He’s not the only one who has had numbness issues in the new car: Alex Bowman talked about having some of the same problems at Daytona. Team Penske’s Austin Cindric — who won at Daytona — said his “right butt cheek was on fire” after a few laps at Las Vegas last week.
“It’s pretty challenging to understand sitting still you know with no load, no bumps, no heat, whatever it might be to really feel if there is going to be a problem,” Reddick said. “It’s hard to really understand what’s OK and what’s not.”
Kyle Larson — the defending NASCAR champ who has already won once this season at Fontana — said last week that he expects Reddick to have an “amazing season” after the driver led the pack during offseason testing. That could start on Sunday in Phoenix, though everyone is wondering how the new cars will adapt in Arizona.
“It’s hard to say,” Reddick said. “These cars, it’s been a lot of fun.”
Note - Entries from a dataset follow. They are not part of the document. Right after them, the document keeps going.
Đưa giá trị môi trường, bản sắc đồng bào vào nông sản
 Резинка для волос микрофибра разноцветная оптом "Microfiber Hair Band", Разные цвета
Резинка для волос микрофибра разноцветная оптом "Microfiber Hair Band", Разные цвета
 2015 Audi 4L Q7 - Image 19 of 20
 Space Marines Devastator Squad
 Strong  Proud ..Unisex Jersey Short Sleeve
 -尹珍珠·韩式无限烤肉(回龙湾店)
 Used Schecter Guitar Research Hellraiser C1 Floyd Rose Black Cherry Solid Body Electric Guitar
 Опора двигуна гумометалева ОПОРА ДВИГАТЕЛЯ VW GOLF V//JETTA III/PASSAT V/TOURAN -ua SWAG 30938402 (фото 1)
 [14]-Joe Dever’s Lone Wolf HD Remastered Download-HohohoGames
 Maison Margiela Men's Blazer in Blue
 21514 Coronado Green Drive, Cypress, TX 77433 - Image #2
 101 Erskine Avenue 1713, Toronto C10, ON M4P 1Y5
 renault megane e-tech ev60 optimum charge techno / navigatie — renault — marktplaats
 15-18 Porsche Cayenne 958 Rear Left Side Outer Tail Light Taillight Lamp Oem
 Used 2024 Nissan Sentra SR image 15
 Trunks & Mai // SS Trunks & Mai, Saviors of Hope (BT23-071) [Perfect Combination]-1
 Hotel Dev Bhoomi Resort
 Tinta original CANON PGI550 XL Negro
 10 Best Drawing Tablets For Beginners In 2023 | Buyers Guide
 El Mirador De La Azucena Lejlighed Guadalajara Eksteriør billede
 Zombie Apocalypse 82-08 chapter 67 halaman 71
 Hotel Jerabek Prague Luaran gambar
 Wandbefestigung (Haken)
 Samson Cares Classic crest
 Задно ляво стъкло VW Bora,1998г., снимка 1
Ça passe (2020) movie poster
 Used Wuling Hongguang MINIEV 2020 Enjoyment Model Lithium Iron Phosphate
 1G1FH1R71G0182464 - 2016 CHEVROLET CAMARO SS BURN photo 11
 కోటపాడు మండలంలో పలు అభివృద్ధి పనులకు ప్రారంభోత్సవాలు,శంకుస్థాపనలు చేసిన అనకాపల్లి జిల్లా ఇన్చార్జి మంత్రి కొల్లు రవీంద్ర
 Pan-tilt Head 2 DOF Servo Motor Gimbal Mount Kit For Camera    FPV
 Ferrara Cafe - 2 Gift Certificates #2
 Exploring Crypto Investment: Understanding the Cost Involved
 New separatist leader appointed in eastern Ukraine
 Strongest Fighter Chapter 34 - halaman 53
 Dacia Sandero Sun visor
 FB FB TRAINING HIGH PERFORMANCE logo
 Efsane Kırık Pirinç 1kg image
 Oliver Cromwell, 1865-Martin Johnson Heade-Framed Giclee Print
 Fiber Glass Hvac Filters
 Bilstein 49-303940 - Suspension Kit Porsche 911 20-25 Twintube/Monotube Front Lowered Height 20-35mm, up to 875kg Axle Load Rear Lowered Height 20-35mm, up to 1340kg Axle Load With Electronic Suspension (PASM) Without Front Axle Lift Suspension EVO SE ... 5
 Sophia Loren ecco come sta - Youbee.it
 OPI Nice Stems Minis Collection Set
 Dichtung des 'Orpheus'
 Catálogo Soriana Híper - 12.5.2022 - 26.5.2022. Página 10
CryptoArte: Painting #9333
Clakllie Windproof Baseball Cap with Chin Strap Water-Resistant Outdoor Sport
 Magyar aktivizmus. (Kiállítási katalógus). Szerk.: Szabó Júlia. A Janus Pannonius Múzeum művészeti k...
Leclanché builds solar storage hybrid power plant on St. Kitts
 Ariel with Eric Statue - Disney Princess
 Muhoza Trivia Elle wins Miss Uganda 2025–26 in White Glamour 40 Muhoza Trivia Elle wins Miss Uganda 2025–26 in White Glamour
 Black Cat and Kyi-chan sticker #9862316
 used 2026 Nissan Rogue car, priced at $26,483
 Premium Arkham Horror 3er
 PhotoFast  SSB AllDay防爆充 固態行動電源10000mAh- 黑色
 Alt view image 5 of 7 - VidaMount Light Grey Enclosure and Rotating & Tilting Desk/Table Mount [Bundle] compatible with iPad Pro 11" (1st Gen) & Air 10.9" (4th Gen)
Speaking of the Next Gen cars, Bowman’s curious how they’re going to react to restarts following cautions at Phoenix.
Restarts are somewhat nuts at most tracks as dozens of cars jockey for position, but the tri-oval at Phoenix Raceway provides a new challenge since drivers have a lot of space to maneuver on the apron if they can control their car.
“Restart here? They’re kind of notoriously crazy cause of the dogleg and being able to shortcut that,” Bowman said. “I’m not sure anybody’s gone down there with the Next Gen car yet, just because of how rigid the car is and how things happen when the car hits the ground.”
Bowman, last week’s winner in Las Vegas, said he’s interested to see if the apron is good for racing. But he doesn’t plan on being the guinea pig.
“Let somebody else figure that out first I guess,” Bowman said, grinning.
Kevin Harvick is back at Phoenix where he’s had plenty of success with nine wins.
But the 46-year-old hasn’t won at the track since 2018 and the Next Gen car provides another wrinkle for the veteran driver to navigate. Harvick said the new car might be different, but after three races, it’s no longer an excuse.
“This is just ‘The Car,’” Harvick said. “It’s not ‘next’ anymore. We’re here racing the car.”
Harvick’s nine wins at Phoenix are far and away the most in Sunday’s field. Kyle Busch has won three times while Joey Logano and Denny Hamlin have both won twice. Martin Truex Jr. won last year’s spring race in Phoenix.
Larson is a 4-1 favorite to win at Phoenix, according to FanDuel. Truex is next at 7-1 odds … Much of the rest of the US might be groggy on Sunday because they lose an hour of sleep due to the clock change of Daylight Savings Time. That won’t be the case in Arizona, which doesn’t recognize DST. … Bowman is a native of Tucson, Arizona.